A little more than 24 hours later, Awe returned to resume his career with the B.C. Lions.

The 24-year-old has an engineering degree from Texas Tech and his first season in the CFL could only be registered as a success. But his attempt to parlay his rookie year into anything amounting to a legitimate tryout failed miserably. Awe was just another reject of the NFL monolith that swallows up the keen and spits them out.

If there was anything more humbling in store for him than maintaining his status as an Uber driver and working deliveries for Amazon any longer, Awe wasn’t about to find out.

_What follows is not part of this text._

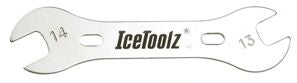 Conussleutel IceToolz 37A1 13x14mm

It was typical of Awe last season to suggest he wanted to eventually become the next president of Exxon, and he was no different Tuesday upon passing his physical, if not for a little thing called life that got in the way in between.

When he becomes the next Jerry Jones, life in Awe’s world will be much different, he said, but for the time being it has reached a point where the linebacker best make a name for himself as he did last season when he hit opponents, and with force.

“Personally, I have a plan that if I become a billionaire things will change,” Awe said when asked if he got a fair chance to make it in the NFL. “I got an engineering degree and I can’t get an engineering job. What am I supposed to tell them? That the Lions could call in six months?

“It could have been worse but when you think about what I did to myself I chose to be in this situation. It was an eye opening experience for a guy from suburban Dallas. All of a sudden I’m on the streets of Chicago doing Uber. I’d never been in that situation but I had to pay rent. I’m not going to ask my parents for handouts.

“At the same time I’m not here to be a football player. I’m here to be Micah Awe. I don’t plan on being in one of the best cities in the world in Vancouver just to sit here and be a football player. Athletes are more than just athletes. I can use football to help people in so many ways.”

If he’s half as good on the field as he speaks the Lions defence surely is about to get better.

He’ll at least last here longer than he did with the New York Jets, who cut Awe three days after this year’s draft. Not even becoming training camp fodder was a hard lesson, as Awe got the Lions to let him out of his CFL contract two years early, drawing a fine by the league. But there was never any uncertainty as to whether he would be welcomed back.

He’s not the only player on the Lions with a similar story, not even the only linebacker who thought he approached his career right only to be put on the discard pile.

“It’s a hard gig. The odds are against you but there’s nothing you can control,” said Abbotsford product Bo Lokombo, who also went to a quality NCAA program at Oregon, then kicked around a handful of NFL clubs between gigs with the Lions.

Lokombo has Awe’s weak-side spot for the moment, working with import Dyshawn Davis. Now the Lions must try to figure a way to get him on the field. The roster spot was easy. He effectively replaces defensive end Gabe Knapton, a profound disappointment as a rotational pass rusher and the end of a highly forgettable trade with Montreal for Chris Williams.

Awe may or may not get on the field Saturday against the Saskatchewan Roughriders, depending on his fitness level at his first practice Wednesday. That should be enough time for Awe to forget about the past, and look forward to helping achieve world peace.

LIONS TALES: B.C.’s offence will also be forced to make another change this week. In addition to taking two crucial offside penalties in the loss to Toronto, receiver Shaq Johnson also suffered a broken rib and will yield his roster spot to import Ricky Collins, who is ready to return.